Despite this, the caveman like behaviour of society at supermarkets and food chain outlets has made everyone increasingly more anxious over whether they'll be anything left for them and their families. I find myself asking whether this is the COVID-19 or Rage virus pandemic? (28 days later reference), because that's what people seem to be treating this like.

Whilst you might find it hard to panic buy medical supplies (as GP's/Pharmacy's will only allow so much), for me it was important to order the medication and supplies I needed early, so that I don't end up feeling lost in the inevitable uncertainty that would come with a lockdown.


Insulin is by far the most important thing to have, regardless of the current situation! With the UK now on 'lockdown', I should imagine that there will be a sudden increase in prescription demand. I don't doubt for a second that I wouldn't have access to the medication I need, but I might be a bit wary about how long it will take me to get it.

If you're on an insulin pump, make sure you have enough insulin cartridges so that you're not waiting around for too long.

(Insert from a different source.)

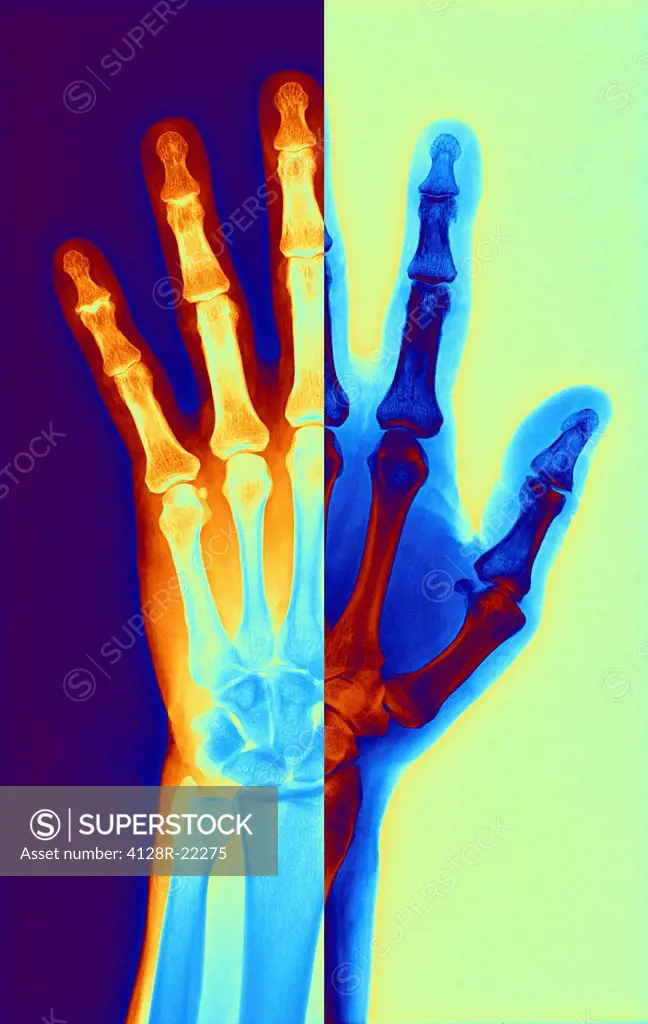 Computer_enhanced X_ray of the hand of a patient with osteoarthritis. Osteoarthritis is a degenerative disease that results in the loss of cartilage b...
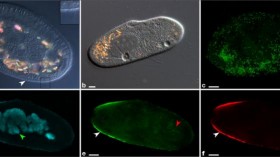 Invasion of a Paramecium Cell by Deaniraea Bacteria (IMAGE)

Make sure you order your prescription BEFORE you're close to running out... not as you run out!

The same applies for pen users. Order before you run out (both basal and bolus insulin).

If you're on a pump, perhaps see if you can get yourself a backup pen and pen-specific cartridge insulin in case your pump was to fail. I've always had this backup option and so I have spare insulin at my fingertips if my pump were to go off the rails.

Hypo treatment

The best thing about stocking hypo treatment is that you can just buy it from the shop! It's important to remember that supermarket shops will remain open during this period, and so grabbing a bag or two of your favourite sweets or a few can of cokes is easily done. If you want to buy in bulk, this might be a good choice.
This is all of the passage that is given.